- Born: 4 July 1905 Ilopango, El Salvador
- Died: 23 June 1993 (aged 87) San Salvador, El Salvador
- Occupation: Shoemaker
- Known for: Founding the Communist Party of El Salvador
- Political party: Communist Party of El Salvador

= Miguel Mármol =

20th-century Salvadoran left-wing activist; founder of the Communist Party of El Salvado

Miguel Mármol (4 July 1905 – 23 June 1993) was a Salvadoran communist activist and the founder of the Communist Party of El Salvador.

== Biography ==

Miguel Mármol was born on 4 July 1905 in Ilopango, El Salvador. Mármol became a shoemaker, but when the October Revolution occurred in Russia, he began to have an interest in left-wing politics. In Ilopango, he met Agustín Farabundo Martí, a prominent left-wing Salvadoran activist, and together they founded the Society of Workers, Peasants and Fishermen of Ilopango (SCOPI), and they used the ideologies of Augusto César Sandino as a guide. On 30 March 1930, he founded the Communist Party of El Salvador.

On 22 January 1932, indigenous and communist peasants staged a revolution in El Salvador against the regime of President Maximiliano Hernández Martínez. The rebels took over large portions of western El Salvador and killed an estimated 100 people during the first day. In response, President Hernández Martínez ordered the Army to put down the uprising by force. The ensuing killings became known as La Matanza where anywhere from 10,000 to 40,000 people were killed. Agustín Farabundo Martí was executed following the uprising and Miguel Mármol was arrested. He was released and later rearrested and rereleased in 1934 while attempting to flee to Honduras. While he was incarcerated, the chief of police told him that was going to surely die. He remained in El Salvador and later became the president of the National Alliance of Shoemakers.

In 1947, Mármol left El Salvador for Guatemala. He was forced to flee back to El Salvador in 1954, however, due to the United States-backed coup which brought Carlos Castillo Armas to power. In 1988, Mármol recounted his escape from Guatemala in an interview with William Bollinger and Georg M Gugelberger:

I was number five on the execution list. But his [Carlos Castillo Armas] police could not capture me. I hid for two months in Guatemalan territory on my way to [El] Salvador. And I made it through without being assassinated. People say I must be protected by some witchcraft which allows me to go like a blind man through life.

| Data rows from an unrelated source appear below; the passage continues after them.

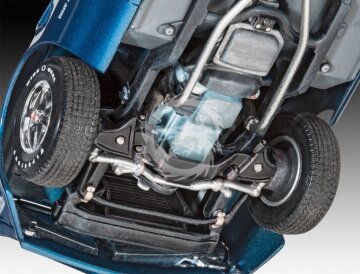 Pontiac Firebird 1970 - Revell  07672 skala 1/24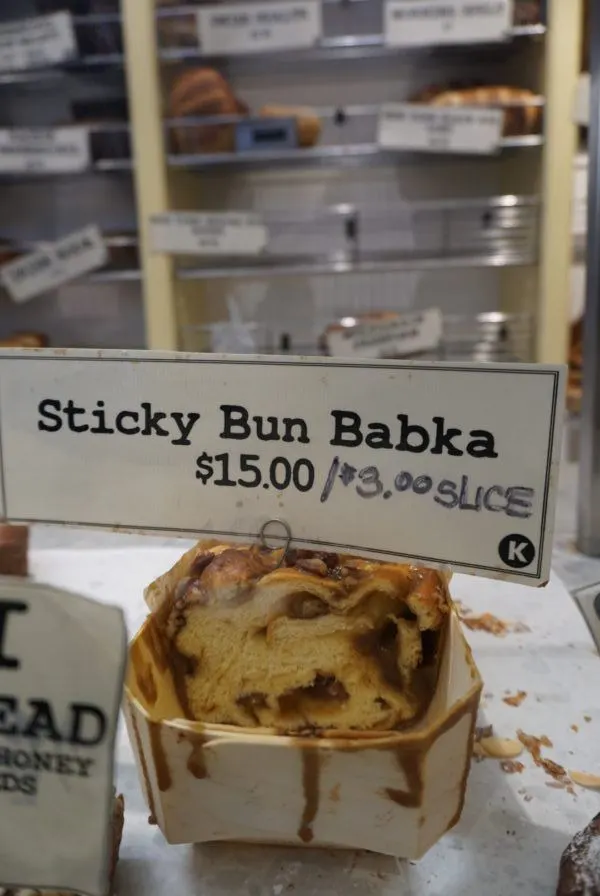 Orwashers sticky bun babka best babka nyc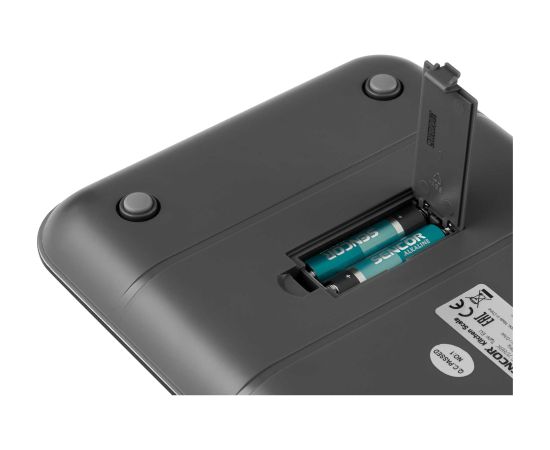 Kitchen scale with Bluetooth Sencor, black Svari (virtuves)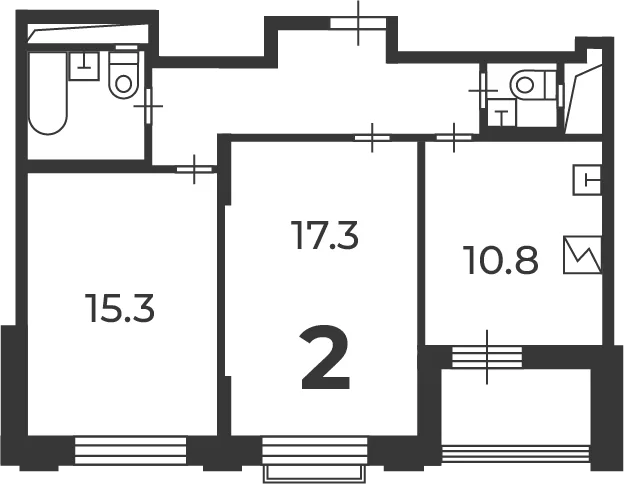 Планировка квартиры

The police, of course, call me a red phantom because they could never catch or kill me.
— Miguel Mármol, 1988

Mármol participated in a steel workers' strike against the government of Julio Adalberto Rivera Carballo.

He fled El Salvador again on 13 July 1980 after receiving death threats from several Salvadoran death squads.

Mármol returned to El Salvador and died in San Salvador on 23 June 1993.